### DATASET EXCERPTS:
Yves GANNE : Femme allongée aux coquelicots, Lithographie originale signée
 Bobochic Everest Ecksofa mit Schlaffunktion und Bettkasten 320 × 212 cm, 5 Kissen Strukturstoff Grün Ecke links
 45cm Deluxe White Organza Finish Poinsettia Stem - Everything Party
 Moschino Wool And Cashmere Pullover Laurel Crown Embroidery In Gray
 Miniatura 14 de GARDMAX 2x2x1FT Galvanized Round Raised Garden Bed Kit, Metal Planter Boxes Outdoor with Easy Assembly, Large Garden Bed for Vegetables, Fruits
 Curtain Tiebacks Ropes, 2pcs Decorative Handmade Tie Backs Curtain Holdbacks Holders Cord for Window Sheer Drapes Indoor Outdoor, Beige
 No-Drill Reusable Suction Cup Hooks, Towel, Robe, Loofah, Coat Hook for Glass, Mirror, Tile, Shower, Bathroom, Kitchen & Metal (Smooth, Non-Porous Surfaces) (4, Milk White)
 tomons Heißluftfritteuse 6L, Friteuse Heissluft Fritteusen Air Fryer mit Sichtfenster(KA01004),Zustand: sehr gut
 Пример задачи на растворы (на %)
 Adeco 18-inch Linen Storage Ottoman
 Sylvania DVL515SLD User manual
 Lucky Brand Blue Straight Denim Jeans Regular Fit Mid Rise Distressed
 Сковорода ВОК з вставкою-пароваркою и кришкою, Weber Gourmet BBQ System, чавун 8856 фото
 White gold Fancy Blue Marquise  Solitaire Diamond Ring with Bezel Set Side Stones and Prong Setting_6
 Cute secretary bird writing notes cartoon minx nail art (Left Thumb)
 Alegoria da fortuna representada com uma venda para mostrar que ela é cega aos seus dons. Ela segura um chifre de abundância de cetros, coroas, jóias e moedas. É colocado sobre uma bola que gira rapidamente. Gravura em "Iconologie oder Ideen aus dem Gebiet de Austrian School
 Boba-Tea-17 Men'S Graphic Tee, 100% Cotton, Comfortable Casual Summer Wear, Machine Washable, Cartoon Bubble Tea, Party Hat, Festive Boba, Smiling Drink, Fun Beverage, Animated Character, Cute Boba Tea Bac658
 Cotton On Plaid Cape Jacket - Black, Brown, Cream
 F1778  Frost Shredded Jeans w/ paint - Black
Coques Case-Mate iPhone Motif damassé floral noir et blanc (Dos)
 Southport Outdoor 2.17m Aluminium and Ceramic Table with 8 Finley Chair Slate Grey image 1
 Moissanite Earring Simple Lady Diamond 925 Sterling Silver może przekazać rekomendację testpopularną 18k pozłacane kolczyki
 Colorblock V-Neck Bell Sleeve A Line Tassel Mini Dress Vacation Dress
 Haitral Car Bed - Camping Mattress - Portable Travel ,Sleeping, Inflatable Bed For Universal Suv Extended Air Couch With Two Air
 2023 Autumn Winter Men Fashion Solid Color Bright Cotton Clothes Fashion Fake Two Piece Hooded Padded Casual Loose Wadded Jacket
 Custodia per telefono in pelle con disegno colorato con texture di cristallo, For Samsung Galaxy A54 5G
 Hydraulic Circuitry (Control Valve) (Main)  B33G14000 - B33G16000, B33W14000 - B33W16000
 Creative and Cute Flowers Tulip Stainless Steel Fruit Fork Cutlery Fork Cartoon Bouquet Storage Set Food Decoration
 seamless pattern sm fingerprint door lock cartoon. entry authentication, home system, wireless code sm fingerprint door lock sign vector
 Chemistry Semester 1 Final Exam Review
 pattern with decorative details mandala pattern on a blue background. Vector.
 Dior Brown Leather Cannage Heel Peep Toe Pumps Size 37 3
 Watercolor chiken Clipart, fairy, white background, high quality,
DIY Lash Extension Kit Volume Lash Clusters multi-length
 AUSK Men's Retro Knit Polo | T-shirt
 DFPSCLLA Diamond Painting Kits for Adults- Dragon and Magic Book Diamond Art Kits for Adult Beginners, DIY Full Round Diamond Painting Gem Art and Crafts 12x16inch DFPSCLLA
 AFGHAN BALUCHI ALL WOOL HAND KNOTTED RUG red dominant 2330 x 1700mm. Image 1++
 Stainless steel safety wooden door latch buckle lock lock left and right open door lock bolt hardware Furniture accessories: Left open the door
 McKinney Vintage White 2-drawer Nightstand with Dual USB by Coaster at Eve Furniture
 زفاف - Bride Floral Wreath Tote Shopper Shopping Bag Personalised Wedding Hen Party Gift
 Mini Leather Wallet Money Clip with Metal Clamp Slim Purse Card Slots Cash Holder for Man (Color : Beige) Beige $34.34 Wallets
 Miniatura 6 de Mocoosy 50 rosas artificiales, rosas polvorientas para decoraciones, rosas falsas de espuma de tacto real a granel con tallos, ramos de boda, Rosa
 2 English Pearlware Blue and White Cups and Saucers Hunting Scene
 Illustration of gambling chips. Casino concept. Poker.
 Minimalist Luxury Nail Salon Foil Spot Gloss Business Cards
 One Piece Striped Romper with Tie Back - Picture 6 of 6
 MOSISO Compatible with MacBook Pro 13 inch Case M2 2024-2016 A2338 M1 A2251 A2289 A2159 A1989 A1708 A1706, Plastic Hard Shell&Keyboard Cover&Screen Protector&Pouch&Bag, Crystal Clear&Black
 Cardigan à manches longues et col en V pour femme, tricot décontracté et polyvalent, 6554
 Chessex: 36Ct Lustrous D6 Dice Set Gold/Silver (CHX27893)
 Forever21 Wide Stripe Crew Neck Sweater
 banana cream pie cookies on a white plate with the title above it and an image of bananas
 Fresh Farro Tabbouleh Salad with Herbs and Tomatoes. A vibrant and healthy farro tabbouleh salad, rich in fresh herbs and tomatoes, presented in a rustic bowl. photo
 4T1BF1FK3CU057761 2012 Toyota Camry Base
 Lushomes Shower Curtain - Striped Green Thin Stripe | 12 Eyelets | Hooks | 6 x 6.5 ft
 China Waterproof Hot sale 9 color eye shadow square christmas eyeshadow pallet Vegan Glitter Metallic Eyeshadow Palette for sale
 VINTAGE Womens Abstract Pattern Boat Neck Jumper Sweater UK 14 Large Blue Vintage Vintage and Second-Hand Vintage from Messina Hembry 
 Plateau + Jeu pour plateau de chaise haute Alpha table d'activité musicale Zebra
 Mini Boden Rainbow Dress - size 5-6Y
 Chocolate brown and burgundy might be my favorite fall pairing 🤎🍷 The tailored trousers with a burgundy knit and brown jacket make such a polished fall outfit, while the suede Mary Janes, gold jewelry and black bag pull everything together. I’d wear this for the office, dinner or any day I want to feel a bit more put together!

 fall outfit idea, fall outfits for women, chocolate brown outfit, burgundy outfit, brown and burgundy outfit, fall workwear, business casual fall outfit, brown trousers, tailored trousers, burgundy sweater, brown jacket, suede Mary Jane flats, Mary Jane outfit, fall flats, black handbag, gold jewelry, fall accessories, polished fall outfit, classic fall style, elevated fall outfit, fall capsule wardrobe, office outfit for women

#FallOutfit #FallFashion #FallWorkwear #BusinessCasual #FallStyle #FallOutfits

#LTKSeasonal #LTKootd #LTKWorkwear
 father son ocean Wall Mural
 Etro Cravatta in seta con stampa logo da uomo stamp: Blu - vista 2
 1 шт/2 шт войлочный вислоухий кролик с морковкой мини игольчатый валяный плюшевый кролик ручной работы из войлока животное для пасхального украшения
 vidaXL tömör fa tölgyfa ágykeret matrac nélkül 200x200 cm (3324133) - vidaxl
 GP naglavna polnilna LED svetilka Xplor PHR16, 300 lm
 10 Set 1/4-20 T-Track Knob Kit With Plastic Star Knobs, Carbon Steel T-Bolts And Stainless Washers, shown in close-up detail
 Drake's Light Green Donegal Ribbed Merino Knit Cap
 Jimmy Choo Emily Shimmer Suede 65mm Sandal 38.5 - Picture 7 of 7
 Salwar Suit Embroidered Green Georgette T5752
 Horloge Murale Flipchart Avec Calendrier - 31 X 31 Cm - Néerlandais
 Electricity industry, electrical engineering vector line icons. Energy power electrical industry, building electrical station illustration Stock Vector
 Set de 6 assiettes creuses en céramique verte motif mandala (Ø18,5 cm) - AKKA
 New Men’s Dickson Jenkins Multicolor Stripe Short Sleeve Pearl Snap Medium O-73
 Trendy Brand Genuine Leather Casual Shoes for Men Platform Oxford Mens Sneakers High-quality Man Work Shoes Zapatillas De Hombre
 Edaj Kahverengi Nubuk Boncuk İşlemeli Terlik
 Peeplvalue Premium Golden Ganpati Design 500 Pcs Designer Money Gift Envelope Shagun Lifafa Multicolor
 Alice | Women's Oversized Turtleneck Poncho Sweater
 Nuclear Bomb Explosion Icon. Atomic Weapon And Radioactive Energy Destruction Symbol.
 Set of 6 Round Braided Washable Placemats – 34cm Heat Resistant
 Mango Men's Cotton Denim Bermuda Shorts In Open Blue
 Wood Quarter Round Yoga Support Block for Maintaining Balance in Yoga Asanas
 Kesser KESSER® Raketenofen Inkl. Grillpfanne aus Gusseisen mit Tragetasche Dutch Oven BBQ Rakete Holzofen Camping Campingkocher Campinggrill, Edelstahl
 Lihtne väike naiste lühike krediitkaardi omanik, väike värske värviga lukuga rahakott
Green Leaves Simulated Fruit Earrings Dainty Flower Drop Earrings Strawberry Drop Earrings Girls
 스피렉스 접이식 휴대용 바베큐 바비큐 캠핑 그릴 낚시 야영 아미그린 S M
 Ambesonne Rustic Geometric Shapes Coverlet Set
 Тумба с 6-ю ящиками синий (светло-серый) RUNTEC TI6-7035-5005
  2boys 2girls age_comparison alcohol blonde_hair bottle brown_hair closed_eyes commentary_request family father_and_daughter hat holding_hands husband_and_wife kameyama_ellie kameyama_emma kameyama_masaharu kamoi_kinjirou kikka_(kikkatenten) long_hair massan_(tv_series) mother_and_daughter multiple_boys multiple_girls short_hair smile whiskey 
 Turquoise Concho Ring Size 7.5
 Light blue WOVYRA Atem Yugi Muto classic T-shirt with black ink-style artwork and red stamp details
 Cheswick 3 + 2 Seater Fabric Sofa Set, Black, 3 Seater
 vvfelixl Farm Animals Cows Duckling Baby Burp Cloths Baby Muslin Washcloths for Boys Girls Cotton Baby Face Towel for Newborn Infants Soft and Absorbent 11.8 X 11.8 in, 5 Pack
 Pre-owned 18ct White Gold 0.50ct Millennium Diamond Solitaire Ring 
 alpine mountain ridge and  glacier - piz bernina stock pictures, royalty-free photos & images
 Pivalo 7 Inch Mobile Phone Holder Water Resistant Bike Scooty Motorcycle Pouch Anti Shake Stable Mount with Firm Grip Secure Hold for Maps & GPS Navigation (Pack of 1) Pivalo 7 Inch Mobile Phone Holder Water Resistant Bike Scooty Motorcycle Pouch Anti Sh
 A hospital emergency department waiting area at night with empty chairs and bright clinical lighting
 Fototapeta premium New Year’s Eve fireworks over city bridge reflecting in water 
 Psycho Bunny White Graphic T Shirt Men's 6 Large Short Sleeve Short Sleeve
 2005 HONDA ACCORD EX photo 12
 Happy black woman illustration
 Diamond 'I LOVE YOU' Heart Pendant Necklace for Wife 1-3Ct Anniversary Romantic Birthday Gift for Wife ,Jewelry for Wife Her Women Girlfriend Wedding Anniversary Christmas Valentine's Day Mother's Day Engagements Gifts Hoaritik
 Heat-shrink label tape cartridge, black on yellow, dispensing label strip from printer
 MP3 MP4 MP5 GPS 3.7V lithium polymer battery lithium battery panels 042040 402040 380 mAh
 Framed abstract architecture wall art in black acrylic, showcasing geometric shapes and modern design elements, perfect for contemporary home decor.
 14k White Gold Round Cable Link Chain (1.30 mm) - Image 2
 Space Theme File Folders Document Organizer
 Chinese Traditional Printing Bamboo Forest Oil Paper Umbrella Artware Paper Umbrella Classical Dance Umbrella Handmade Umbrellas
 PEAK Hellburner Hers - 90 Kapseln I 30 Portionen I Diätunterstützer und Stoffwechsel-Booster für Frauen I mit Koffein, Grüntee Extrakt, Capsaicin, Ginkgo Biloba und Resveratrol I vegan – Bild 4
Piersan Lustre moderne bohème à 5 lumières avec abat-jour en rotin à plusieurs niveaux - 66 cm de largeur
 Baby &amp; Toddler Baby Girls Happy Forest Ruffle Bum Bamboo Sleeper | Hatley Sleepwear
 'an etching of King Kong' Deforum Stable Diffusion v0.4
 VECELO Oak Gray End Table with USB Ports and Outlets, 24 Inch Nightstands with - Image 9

### EXERCISE INSTRUCTIONS:
Copy out, exactly as written, the line that contains "14k White Gold" along with every line that comes after it in the material above, and nothing else.

### EXERCISE ANSWER:
 14k White Gold Round Cable Link Chain (1.30 mm) - Image 2
 Space Theme File Folders Document Organizer
 Chinese Traditional Printing Bamboo Forest Oil Paper Umbrella Artware Paper Umbrella Classical Dance Umbrella Handmade Umbrellas
 PEAK Hellburner Hers - 90 Kapseln I 30 Portionen I Diätunterstützer und Stoffwechsel-Booster für Frauen I mit Koffein, Grüntee Extrakt, Capsaicin, Ginkgo Biloba und Resveratrol I vegan – Bild 4
Piersan Lustre moderne bohème à 5 lumières avec abat-jour en rotin à plusieurs niveaux - 66 cm de largeur
 Baby &amp; Toddler Baby Girls Happy Forest Ruffle Bum Bamboo Sleeper | Hatley Sleepwear
 'an etching of King Kong' Deforum Stable Diffusion v0.4
 VECELO Oak Gray End Table with USB Ports and Outlets, 24 Inch Nightstands with - Image 9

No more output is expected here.